For each of these features, comparing the max and 75% values, we can see a huge difference. It confirms the intuitions that there are a couple of extreme values.

Up to know, we discarded the longitude and latitude that carry geographical information. In short, the combination of this feature could help us to decide if there are locations associated with high-valued houses. Indeed, we could make a scatter plot where the x- and y-axis would be the latitude and longitude and the circle size and color would be linked with the house value in the district.

In [ ]:

import seaborn as sns

sns.scatterplot(
    data=california_housing.frame,
    x="Longitude",
    y="Latitude",
    size="MedHouseVal",
    hue="MedHouseVal",
    palette="viridis",
    alpha=0.5,
)
plt.legend(title="MedHouseVal", bbox_to_anchor=(1.05, 0.95), loc="upper left")
_ = plt.title("Median house value depending of\n their spatial location")

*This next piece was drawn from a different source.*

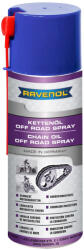 RAVENOL Spray lubrifiere lant Off Road Ravenol 0, 4L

If you are not familiar with the state of California, it is interesting to notice that all datapoints show a graphical representation of this state. We note that the high-valued houses will be located on the coast, where the big cities from California are located: San Diego, Los Angeles, San Jose, or San Francisco.

We can do a random subsampling to have less data points to plot but that could still allow us to see these specificities.

In [ ]:

import numpy as np

rng = np.random.RandomState(0)
indices = rng.choice(
    np.arange(california_housing.frame.shape[0]), size=500, replace=False
)

In [ ]:

sns.scatterplot(
    data=california_housing.frame.iloc[indices],
    x="Longitude",
    y="Latitude",
    size="MedHouseVal",
    hue="MedHouseVal",
    palette="viridis",
    alpha=0.5,
)
plt.legend(title="MedHouseVal", bbox_to_anchor=(1.05, 1), loc="upper left")
_ = plt.title("Median house value depending of\n their spatial location")

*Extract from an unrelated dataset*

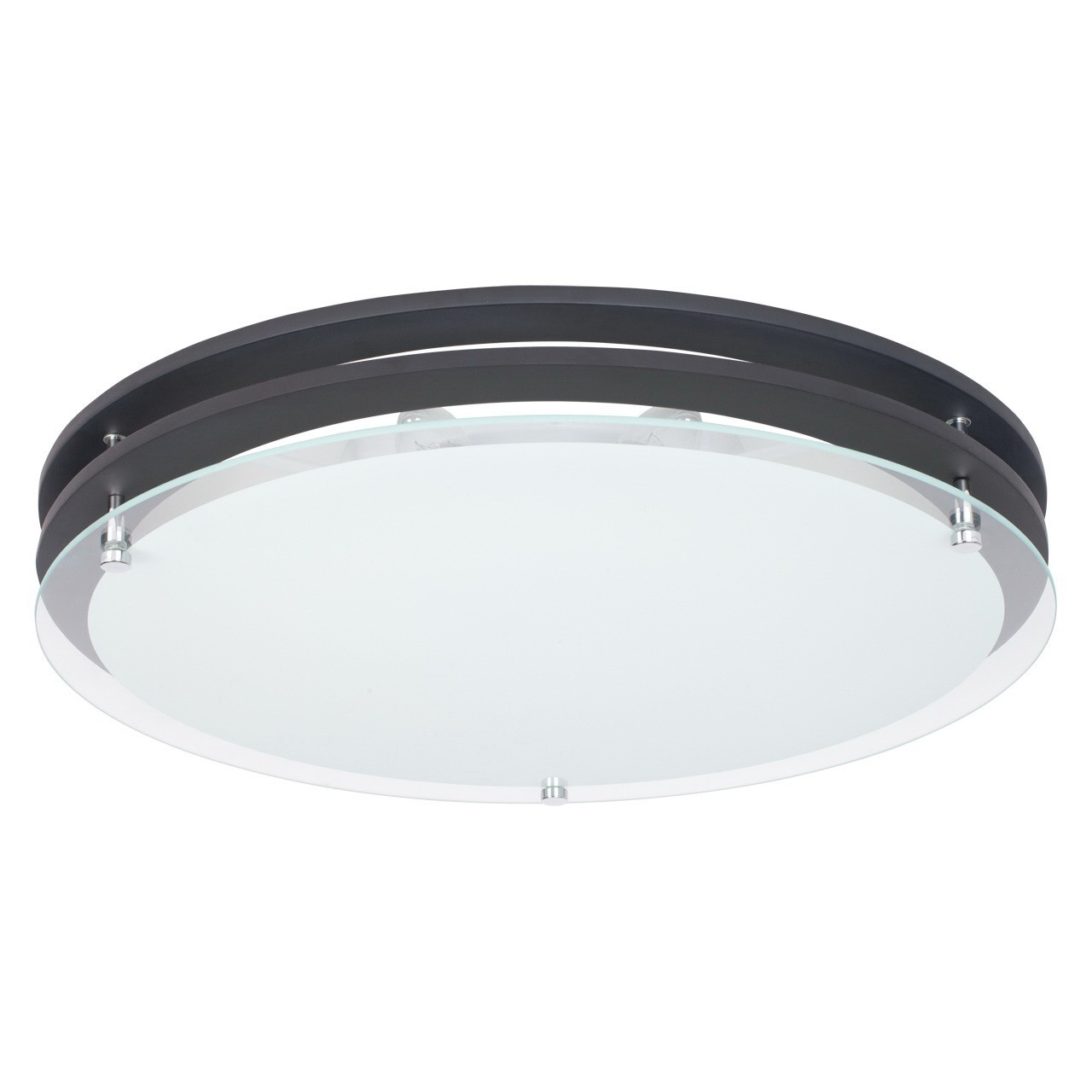 Светильник потолочный MW Light Эдгар 408011406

We can make a final analysis by making a pair plot of all features and the target but dropping the longitude and latitude. We will quantize the target such that we can create proper histogram.

In [ ]:

import pandas as pd

# Drop the unwanted columns
columns_drop = ["Longitude", "Latitude"]
subset = california_housing.frame.iloc[indices].drop(columns=columns_drop)
# Quantize the target and keep the midpoint for each interval
subset["MedHouseVal"] = pd.qcut(subset["MedHouseVal"], 6, retbins=False)
subset["MedHouseVal"] = subset["MedHouseVal"].apply(lambda x: x.mid)

In [ ]:

_ = sns.pairplot(data=subset, hue="MedHouseVal", palette="viridis")

While it is always complicated to interpret a pairplot since there is a lot of data, here we can get a couple of intuitions. We can confirm that some features have extreme values (outliers?). We can as well see that the median income is helpful to distinguish high-valued from low-valued houses.

Thus, creating a predictive model, we could expect the longitude, latitude, and the median income to be useful features to help at predicting the median house values.

If you are curious, we created a linear predictive model below and show the values of the coefficients obtained via cross-validation.

In [ ]:

from sklearn.preprocessing import StandardScaler
from sklearn.linear_model import RidgeCV
from sklearn.pipeline import make_pipeline
from sklearn.model_selection import cross_validate

alphas = np.logspace(-3, 1, num=30)
model = make_pipeline(StandardScaler(), RidgeCV(alphas=alphas))
cv_results = cross_validate(
    model,
    california_housing.data,
    california_housing.target,
    return_estimator=True,
    n_jobs=2,
)

In [ ]:

score = cv_results["test_score"]
print(f"R2 score: {score.mean():.3f} ± {score.std():.3f}")

In [ ]:

import pandas as pd

coefs = pd.DataFrame(
    [est[-1].coef_ for est in cv_results["estimator"]],
    columns=california_housing.feature_names,
)

In [ ]:

color = {"whiskers": "black", "medians": "black", "caps": "black"}
coefs.plot.box(vert=False, color=color)
plt.axvline(x=0, ymin=-1, ymax=1, color="black", linestyle="--")
_ = plt.title("Coefficients of Ridge models\n via cross-validation")

It seems that the three features that we earlier spotted are found important by this model. But be careful regarding interpreting these coefficients. We let you go into the module "Interpretation" to go in depth regarding such experiment.